Exercise brief.
Would you repeat each line below exactly, without the pictures?

Captioned web images

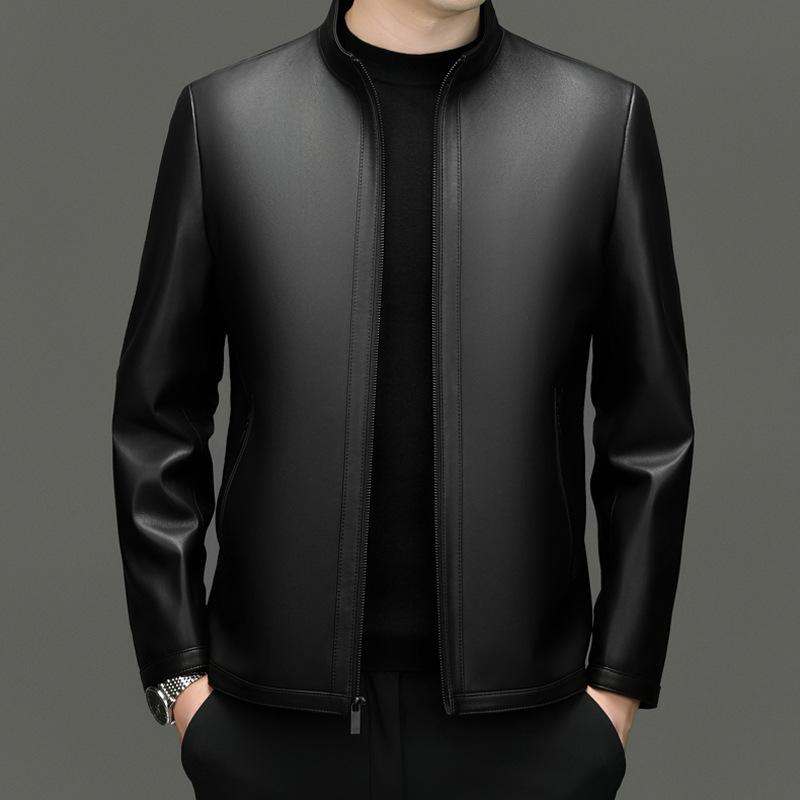 

Мужская куртка из овчины, осенняя новинка, кожаная куртка со стойкой, деловая повседневная куртка, топ 195 чёрный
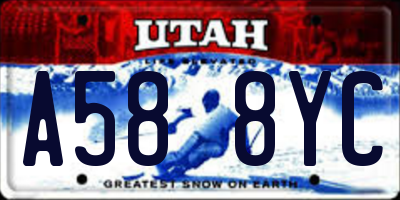 UT license plate A588YC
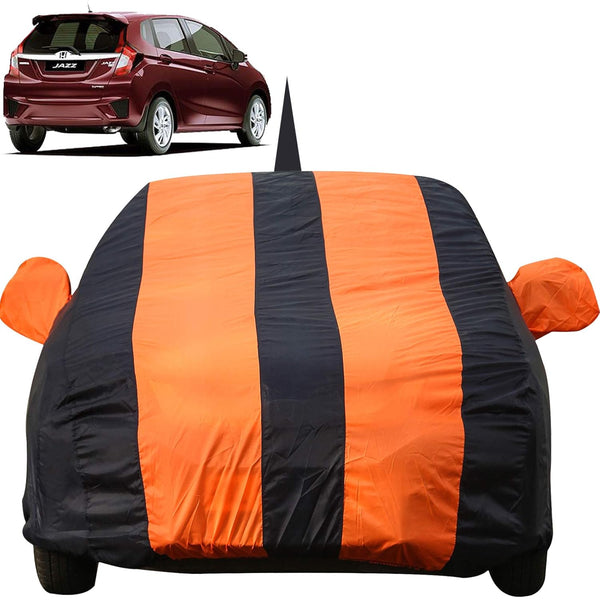 Autofact Jazz Car Cover - EasyShield - Car Body Cover for Honda Jazz - With Mirror Pockets, Triple Stitched, Bottom Fully Elastic, Adjustable Belt and Buckle (Orange Blue Stripes)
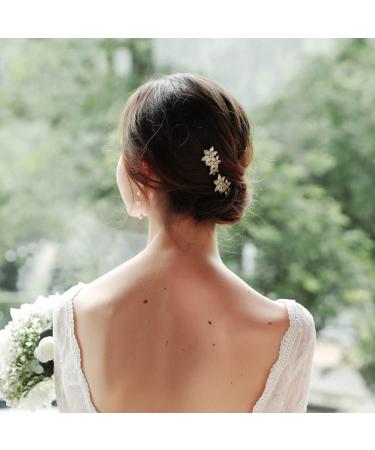 u shaped hairpin U Shaped Flower Hair Accessories wedding hairpin Rhinestone Crystal Headpiece rhinestone hair clip diamond bridal hairpins alloy hairpin flower hairpin bride Hanfu - Buy Online on GoSupps.com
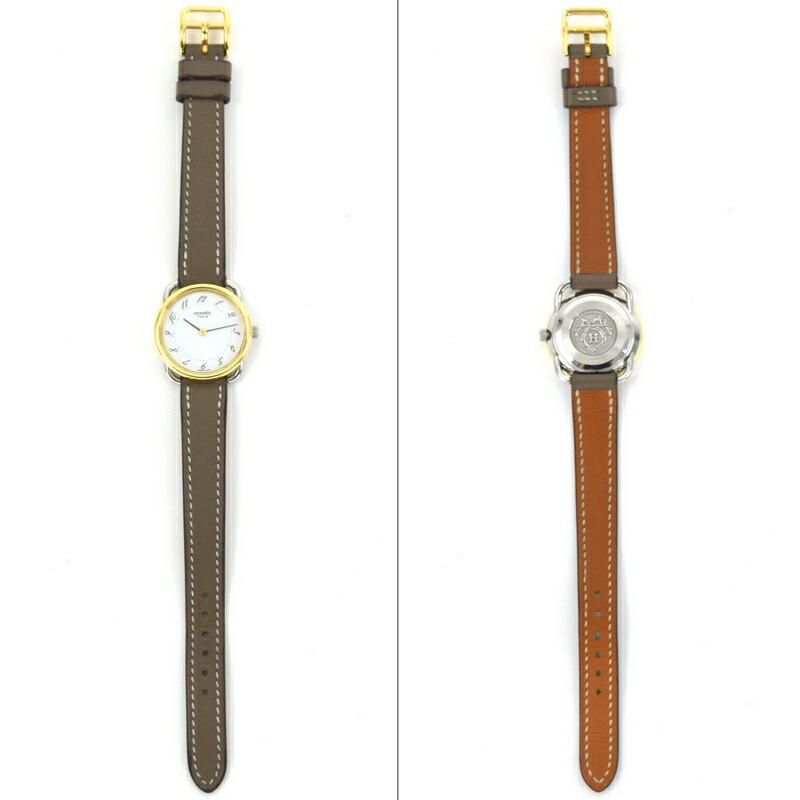 Arceau エルメス アルソー レディースウォッチ SS×GP 革ベルト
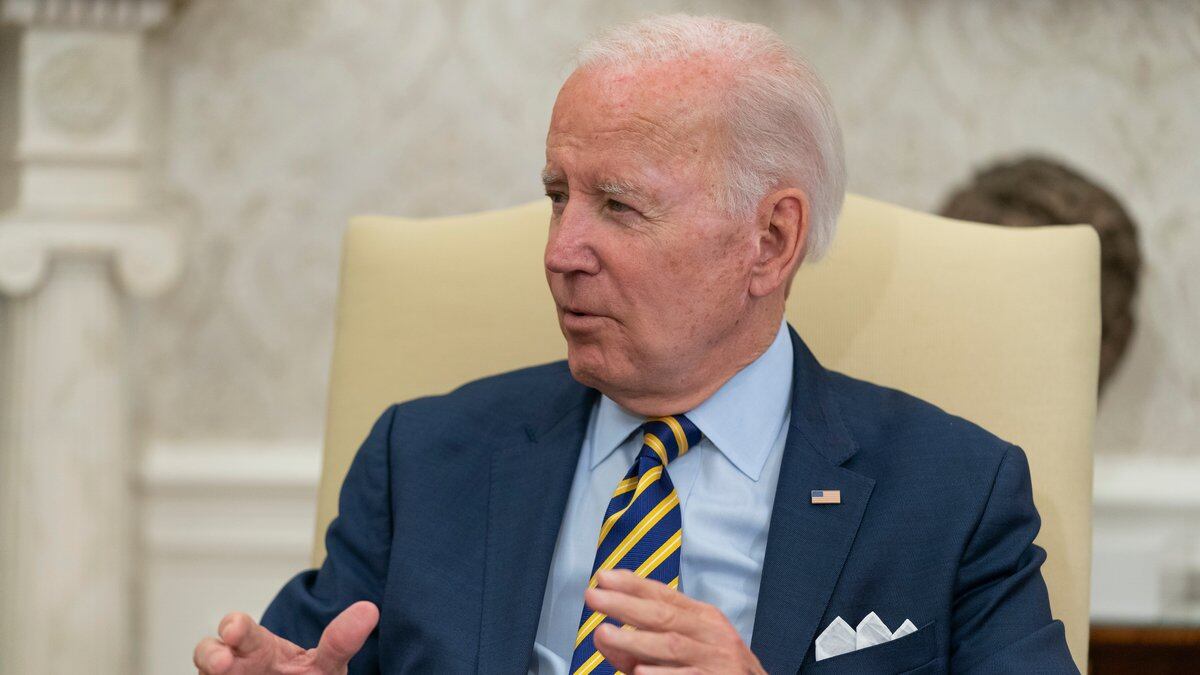 President Joe Biden speaks during a meeting with South African President Cyril Ramaphosa in the...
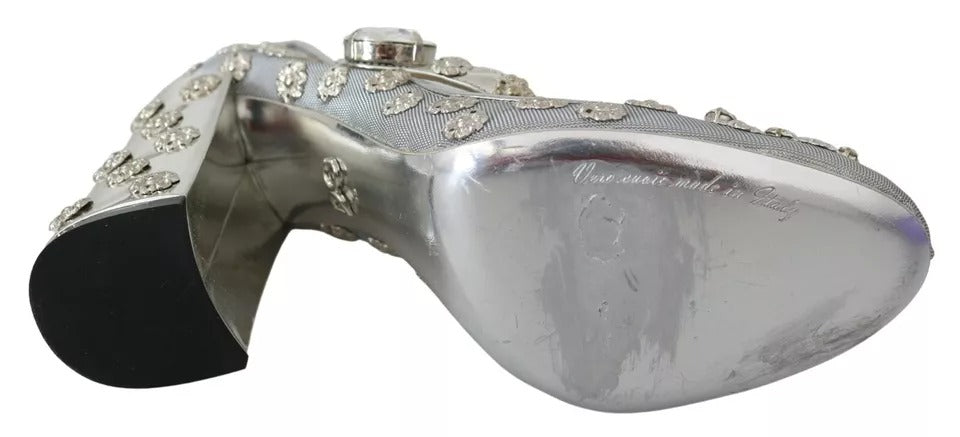 Dolce & Gabbana Silber Kristall Nieten Absätze Mary Janes Pumps Schuhe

Result below.
Мужская куртка из овчины, осенняя новинка, кожаная куртка со стойкой, деловая повседневная куртка, топ 195 чёрный
 UT license plate A588YC
 Autofact Jazz Car Cover - EasyShield - Car Body Cover for Honda Jazz - With Mirror Pockets, Triple Stitched, Bottom Fully Elastic, Adjustable Belt and Buckle (Orange Blue Stripes)
 u shaped hairpin U Shaped Flower Hair Accessories wedding hairpin Rhinestone Crystal Headpiece rhinestone hair clip diamond bridal hairpins alloy hairpin flower hairpin bride Hanfu - Buy Online on GoSupps.com
 Arceau エルメス アルソー レディースウォッチ SS×GP 革ベルト
 President Joe Biden speaks during a meeting with South African President Cyril Ramaphosa in the...
 Dolce & Gabbana Silber Kristall Nieten Absätze Mary Janes Pumps Schuhe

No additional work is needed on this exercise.